Dataset records
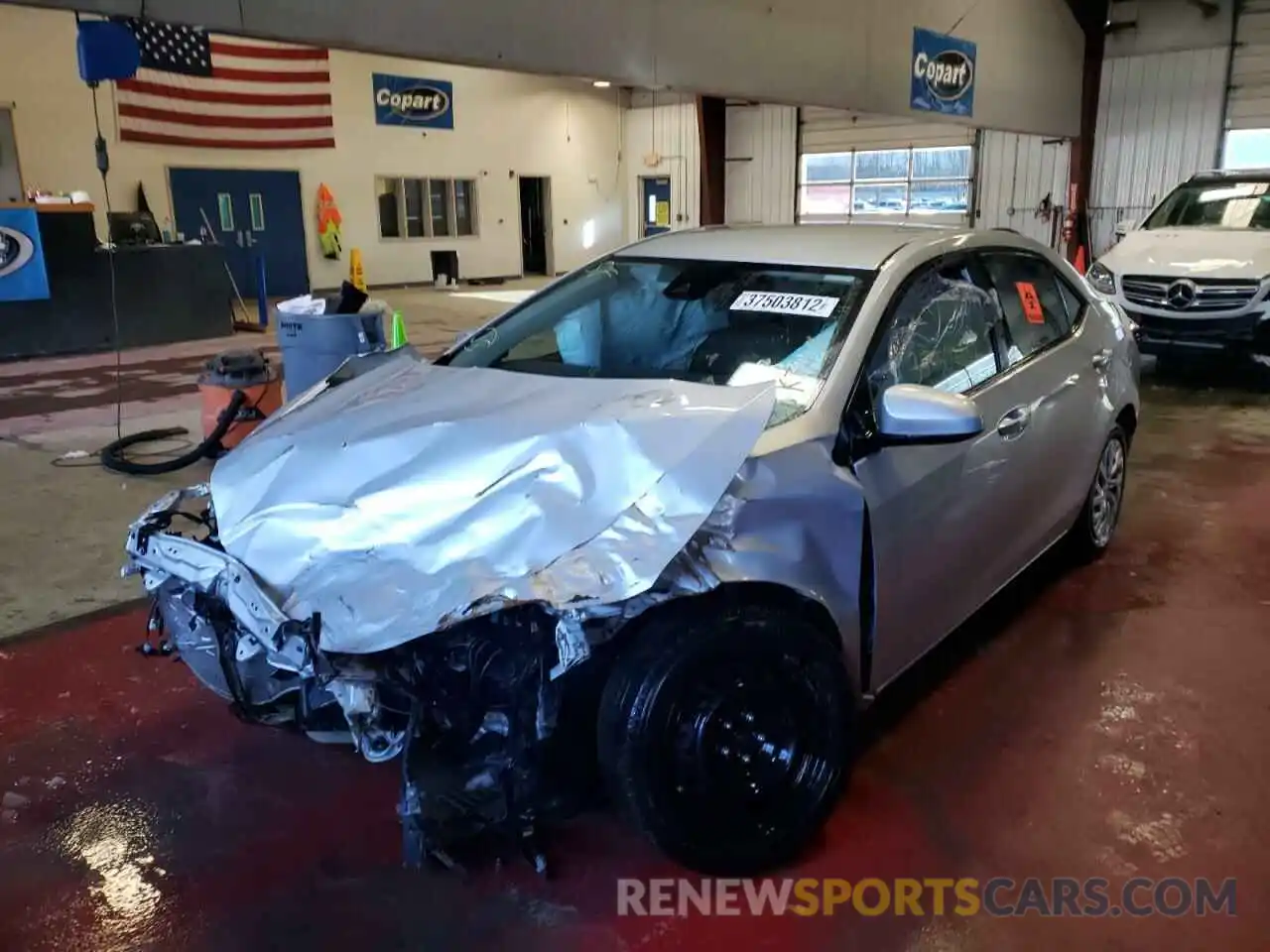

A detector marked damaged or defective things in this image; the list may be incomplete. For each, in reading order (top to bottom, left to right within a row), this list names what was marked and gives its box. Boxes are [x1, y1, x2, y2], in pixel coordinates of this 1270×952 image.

crumpled hood [1103, 228, 1270, 280]
shattered windshield [1143, 183, 1270, 233]
shattered windshield [441, 256, 869, 428]
crumpled hood [208, 349, 774, 654]
severely damaged toyota corolla [129, 225, 1143, 877]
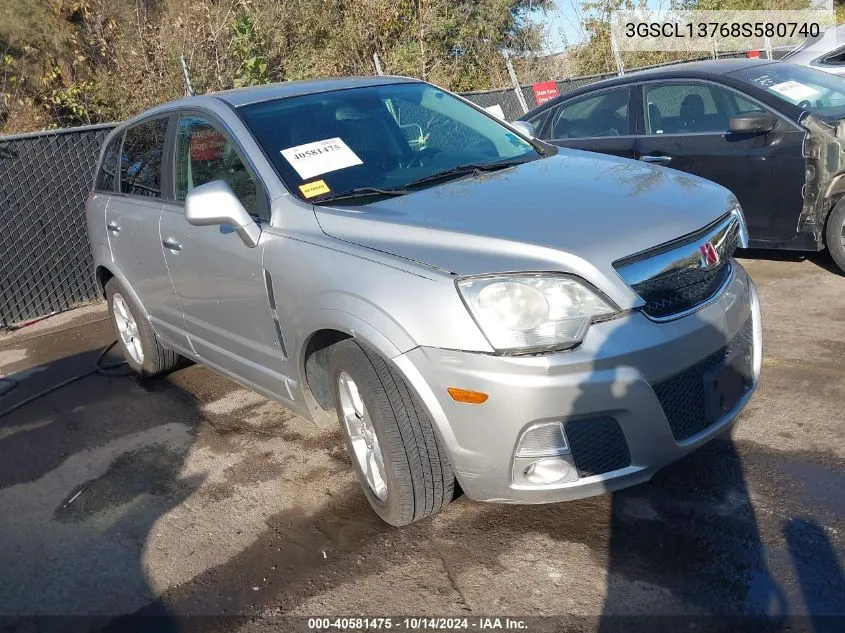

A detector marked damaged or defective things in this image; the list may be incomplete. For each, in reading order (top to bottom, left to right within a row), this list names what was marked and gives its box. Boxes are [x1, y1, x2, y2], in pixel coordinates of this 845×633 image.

damaged car in background [89, 76, 760, 524]
damaged car in background [520, 59, 845, 274]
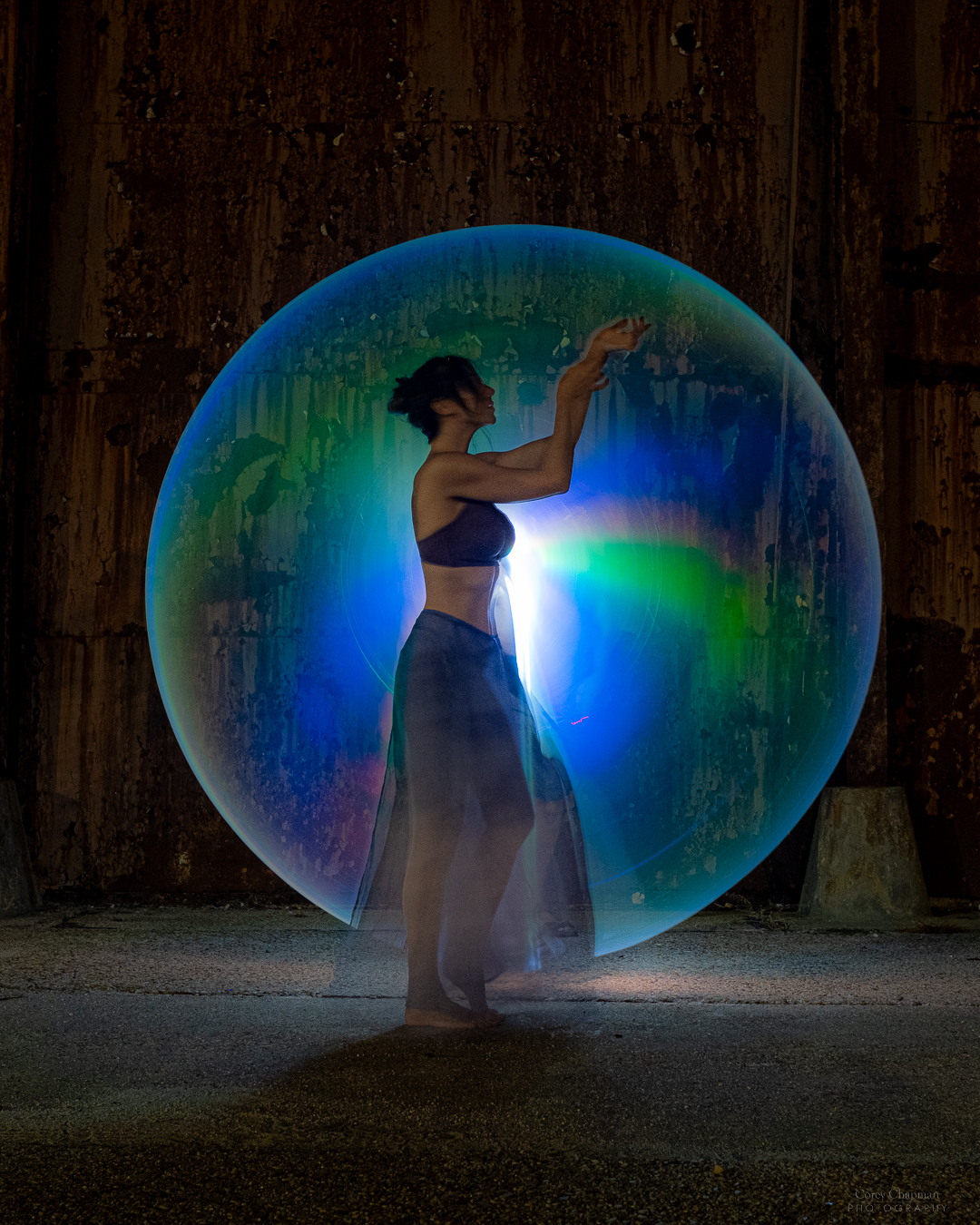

▶ Exercise details:
Counting the line with "this 845×633 image." and the last line of the data above, transcribe those two lines and every line between them exactly, without the pictures.

▶ Solution for this task:
A detector marked damaged or defective things in this image; the list may be incomplete. For each, in reading order (top to bottom, left to right within a row), this list names what was marked and gives its box. Boxes are [x1, y1, x2, y2], in pixel coordinates of this 845×633 image.

damaged car in background [89, 76, 760, 524]
damaged car in background [520, 59, 845, 274]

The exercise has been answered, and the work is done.